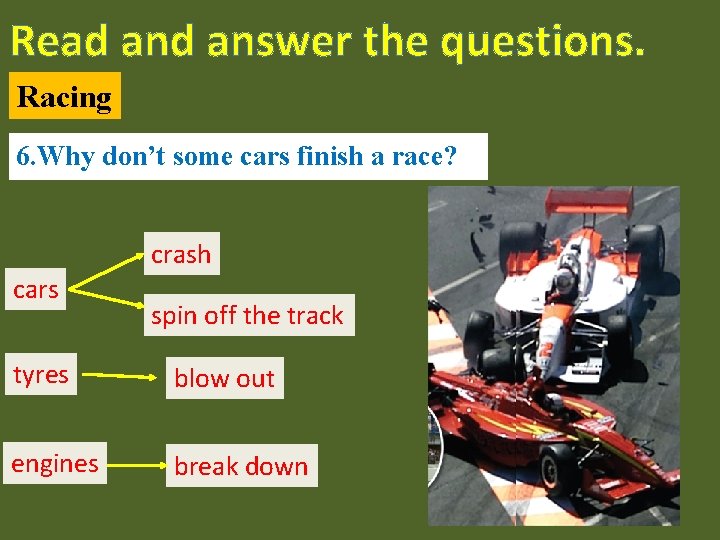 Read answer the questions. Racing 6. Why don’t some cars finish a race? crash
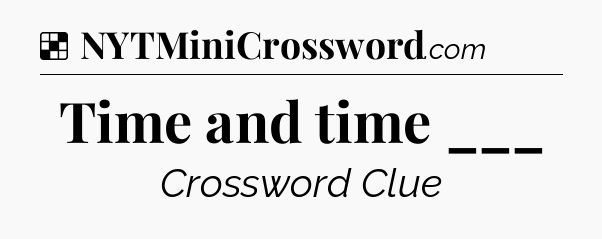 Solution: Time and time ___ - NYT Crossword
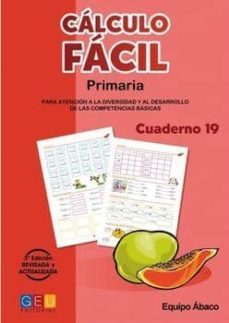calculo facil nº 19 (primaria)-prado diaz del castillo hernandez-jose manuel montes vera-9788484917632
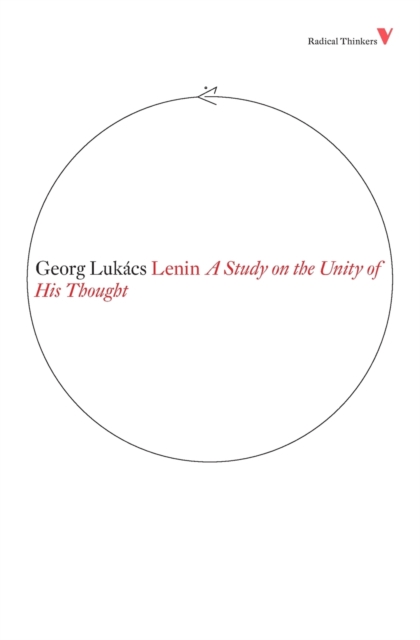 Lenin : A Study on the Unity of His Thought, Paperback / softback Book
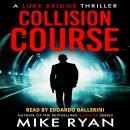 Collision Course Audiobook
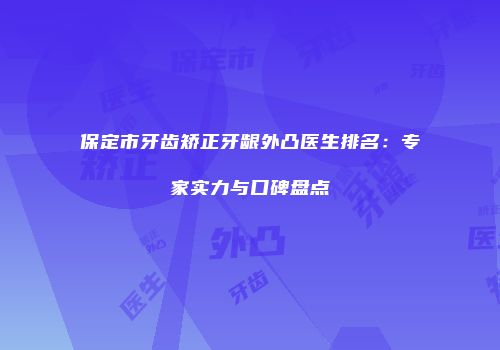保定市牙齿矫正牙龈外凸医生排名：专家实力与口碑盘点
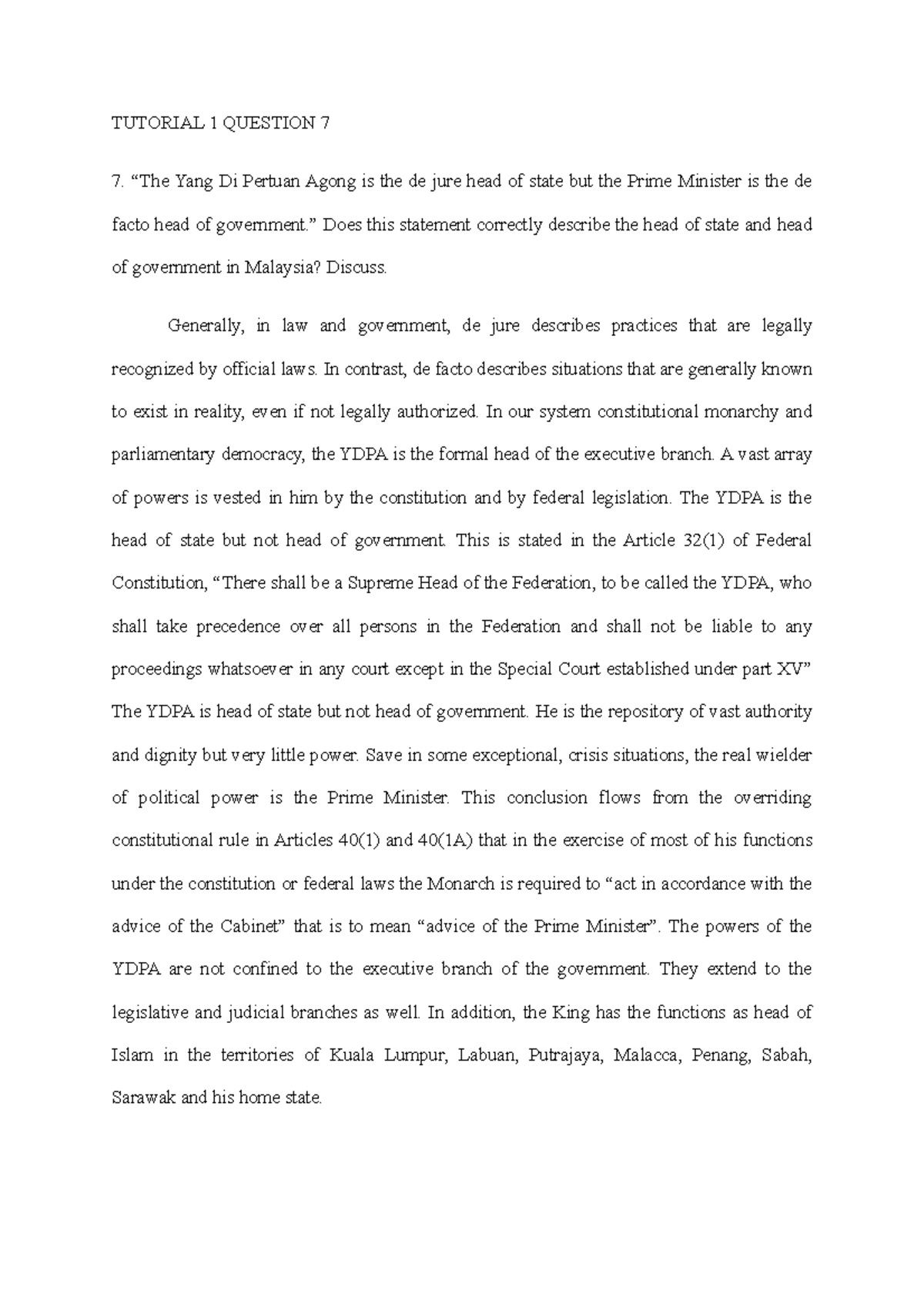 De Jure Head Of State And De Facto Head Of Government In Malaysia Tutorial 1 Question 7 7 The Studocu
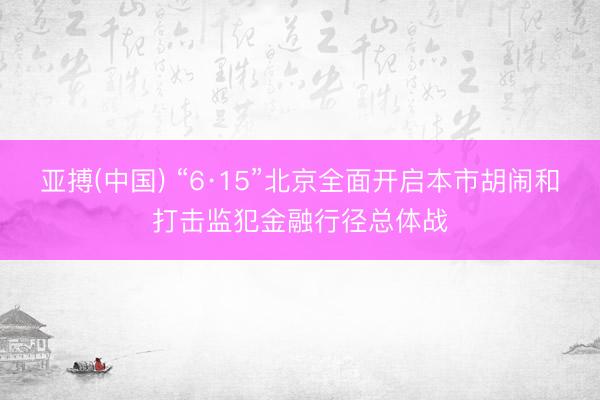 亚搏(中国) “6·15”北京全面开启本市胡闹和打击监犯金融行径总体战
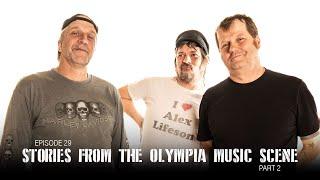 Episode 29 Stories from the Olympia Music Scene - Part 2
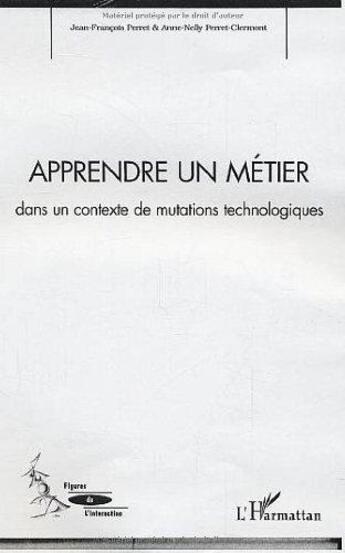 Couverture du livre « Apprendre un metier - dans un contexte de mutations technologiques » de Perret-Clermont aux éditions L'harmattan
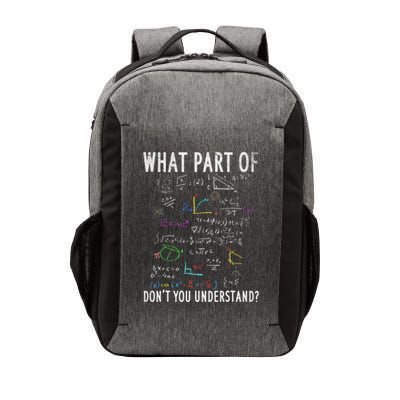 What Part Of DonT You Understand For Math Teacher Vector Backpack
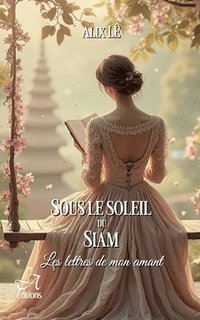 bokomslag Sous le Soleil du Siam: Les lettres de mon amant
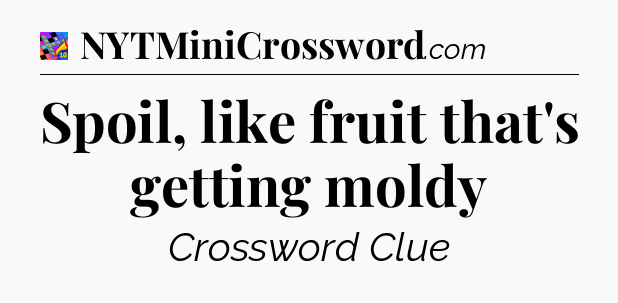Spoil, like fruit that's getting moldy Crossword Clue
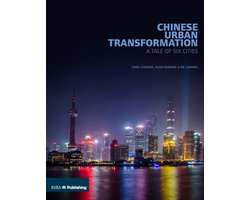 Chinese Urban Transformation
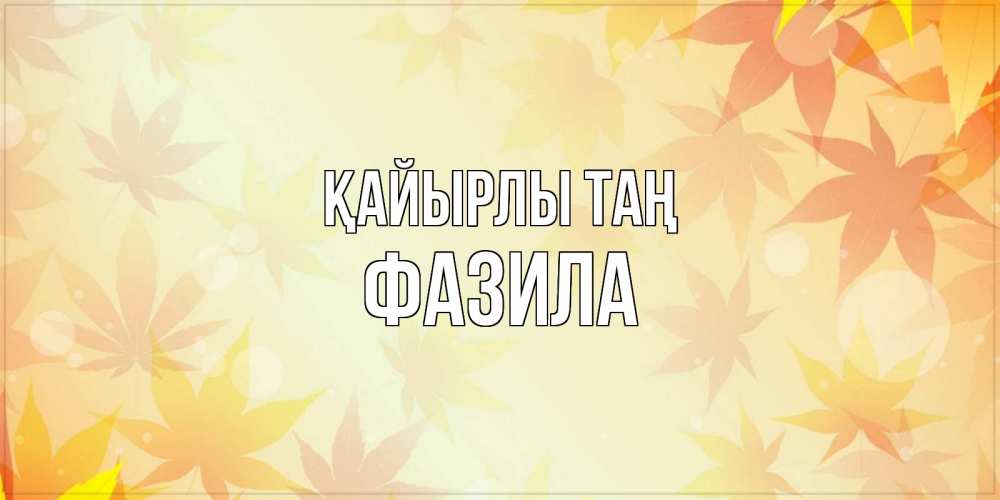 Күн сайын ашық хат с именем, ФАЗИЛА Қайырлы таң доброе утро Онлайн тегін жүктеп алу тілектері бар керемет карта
* * *
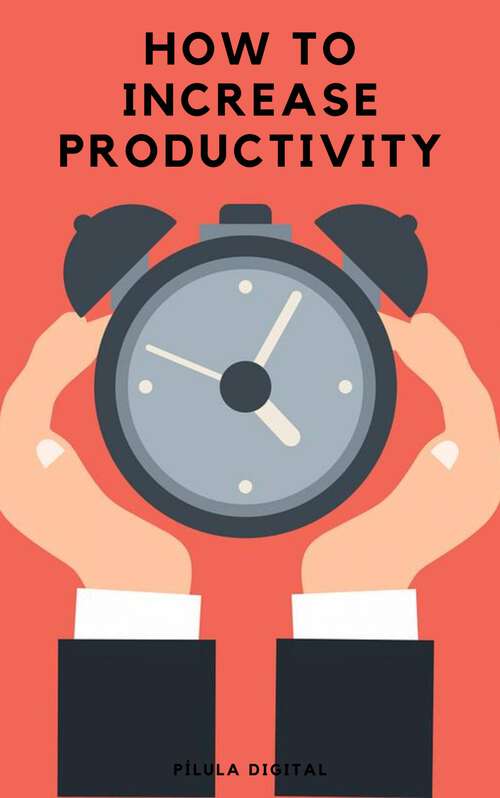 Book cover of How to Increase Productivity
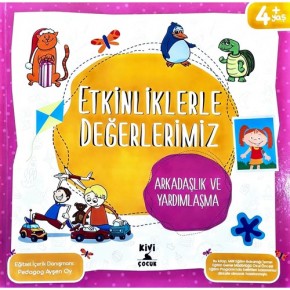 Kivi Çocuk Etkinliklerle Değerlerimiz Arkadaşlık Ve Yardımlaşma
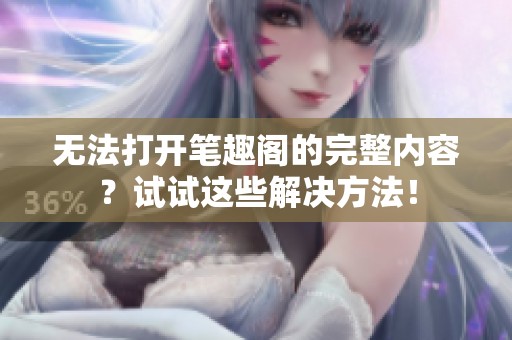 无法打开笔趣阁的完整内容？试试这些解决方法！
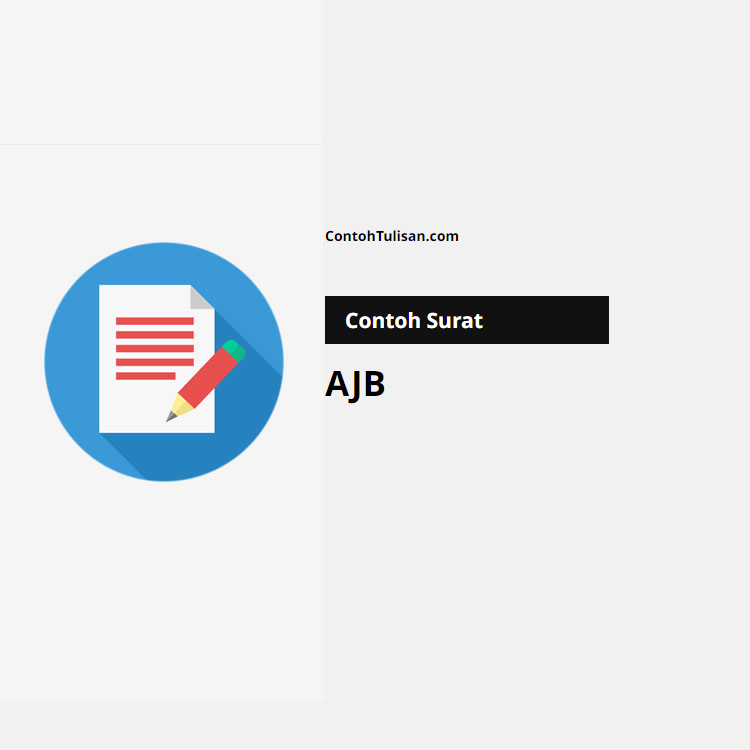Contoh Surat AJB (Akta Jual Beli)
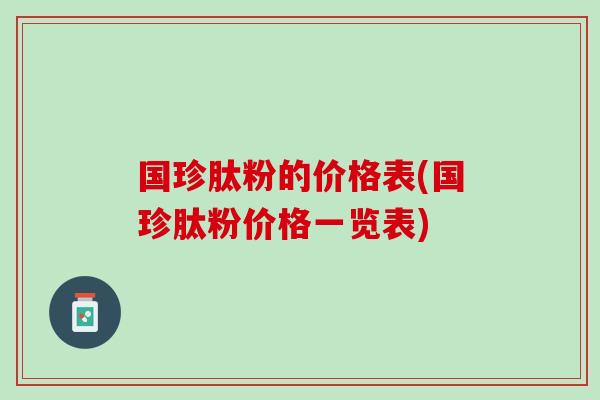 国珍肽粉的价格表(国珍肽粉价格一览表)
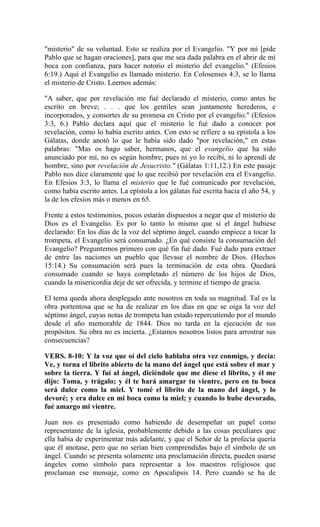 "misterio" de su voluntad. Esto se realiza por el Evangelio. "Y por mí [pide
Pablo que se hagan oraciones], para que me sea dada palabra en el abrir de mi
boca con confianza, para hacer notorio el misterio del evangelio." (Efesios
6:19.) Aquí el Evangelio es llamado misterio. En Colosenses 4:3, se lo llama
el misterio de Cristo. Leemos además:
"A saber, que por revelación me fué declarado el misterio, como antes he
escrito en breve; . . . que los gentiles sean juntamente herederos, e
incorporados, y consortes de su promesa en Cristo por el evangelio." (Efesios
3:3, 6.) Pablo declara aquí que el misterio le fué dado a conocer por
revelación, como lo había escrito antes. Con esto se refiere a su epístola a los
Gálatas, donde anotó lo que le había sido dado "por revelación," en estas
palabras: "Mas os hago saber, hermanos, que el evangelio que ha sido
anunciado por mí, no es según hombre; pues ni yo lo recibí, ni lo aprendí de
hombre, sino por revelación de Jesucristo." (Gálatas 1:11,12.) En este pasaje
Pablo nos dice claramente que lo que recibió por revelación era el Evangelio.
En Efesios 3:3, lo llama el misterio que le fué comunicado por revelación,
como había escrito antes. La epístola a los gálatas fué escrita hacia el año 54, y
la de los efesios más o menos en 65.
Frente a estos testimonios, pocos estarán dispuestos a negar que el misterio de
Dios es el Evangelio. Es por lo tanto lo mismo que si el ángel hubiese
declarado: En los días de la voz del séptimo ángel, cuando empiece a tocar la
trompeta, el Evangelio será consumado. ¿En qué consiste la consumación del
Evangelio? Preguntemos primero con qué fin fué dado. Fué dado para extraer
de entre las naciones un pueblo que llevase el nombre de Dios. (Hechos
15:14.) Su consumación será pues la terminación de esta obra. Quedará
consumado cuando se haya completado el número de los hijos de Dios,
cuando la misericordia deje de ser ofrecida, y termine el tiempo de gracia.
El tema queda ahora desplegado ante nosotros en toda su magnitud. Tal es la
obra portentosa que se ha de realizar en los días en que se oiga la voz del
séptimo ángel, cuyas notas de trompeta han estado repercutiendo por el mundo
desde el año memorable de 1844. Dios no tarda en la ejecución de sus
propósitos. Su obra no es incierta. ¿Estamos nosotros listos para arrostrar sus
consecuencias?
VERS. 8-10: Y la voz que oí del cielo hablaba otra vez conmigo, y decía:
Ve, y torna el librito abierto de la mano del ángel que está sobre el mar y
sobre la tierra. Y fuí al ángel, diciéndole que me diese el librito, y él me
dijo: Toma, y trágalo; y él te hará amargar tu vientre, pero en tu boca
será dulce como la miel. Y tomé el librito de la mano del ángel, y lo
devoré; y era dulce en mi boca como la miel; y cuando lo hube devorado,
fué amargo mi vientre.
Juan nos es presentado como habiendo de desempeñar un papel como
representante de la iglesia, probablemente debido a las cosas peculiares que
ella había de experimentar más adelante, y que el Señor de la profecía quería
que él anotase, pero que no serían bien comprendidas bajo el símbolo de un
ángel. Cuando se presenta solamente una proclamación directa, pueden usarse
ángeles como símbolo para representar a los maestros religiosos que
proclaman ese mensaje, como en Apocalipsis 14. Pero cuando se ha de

What the task requires:
Look above for the line holding "Kivi Çocuk Etkinliklerle" and output everything from it down to the line holding "15:14.) Su consumación", both ends included, exactly and without images.

Response:
 Kivi Çocuk Etkinliklerle Değerlerimiz Arkadaşlık Ve Yardımlaşma
 无法打开笔趣阁的完整内容？试试这些解决方法！
Contoh Surat AJB (Akta Jual Beli)
 国珍肽粉的价格表(国珍肽粉价格一览表)
 "misterio" de su voluntad. Esto se realiza por el Evangelio. "Y por mí [pide
Pablo que se hagan oraciones], para que me sea dada palabra en el abrir de mi
boca con confianza, para hacer notorio el misterio del evangelio." (Efesios
6:19.) Aquí el Evangelio es llamado misterio. En Colosenses 4:3, se lo llama
el misterio de Cristo. Leemos además:
"A saber, que por revelación me fué declarado el misterio, como antes he
escrito en breve; . . . que los gentiles sean juntamente herederos, e
incorporados, y consortes de su promesa en Cristo por el evangelio." (Efesios
3:3, 6.) Pablo declara aquí que el misterio le fué dado a conocer por
revelación, como lo había escrito antes. Con esto se refiere a su epístola a los
Gálatas, donde anotó lo que le había sido dado "por revelación," en estas
palabras: "Mas os hago saber, hermanos, que el evangelio que ha sido
anunciado por mí, no es según hombre; pues ni yo lo recibí, ni lo aprendí de
hombre, sino por revelación de Jesucristo." (Gálatas 1:11,12.) En este pasaje
Pablo nos dice claramente que lo que recibió por revelación era el Evangelio.
En Efesios 3:3, lo llama el misterio que le fué comunicado por revelación,
como había escrito antes. La epístola a los gálatas fué escrita hacia el año 54, y
la de los efesios más o menos en 65.
Frente a estos testimonios, pocos estarán dispuestos a negar que el misterio de
Dios es el Evangelio. Es por lo tanto lo mismo que si el ángel hubiese
declarado: En los días de la voz del séptimo ángel, cuando empiece a tocar la
trompeta, el Evangelio será consumado. ¿En qué consiste la consumación del
Evangelio? Preguntemos primero con qué fin fué dado. Fué dado para extraer
de entre las naciones un pueblo que llevase el nombre de Dios. (Hechos
15:14.) Su consumación será pues la terminación de esta obra. Quedará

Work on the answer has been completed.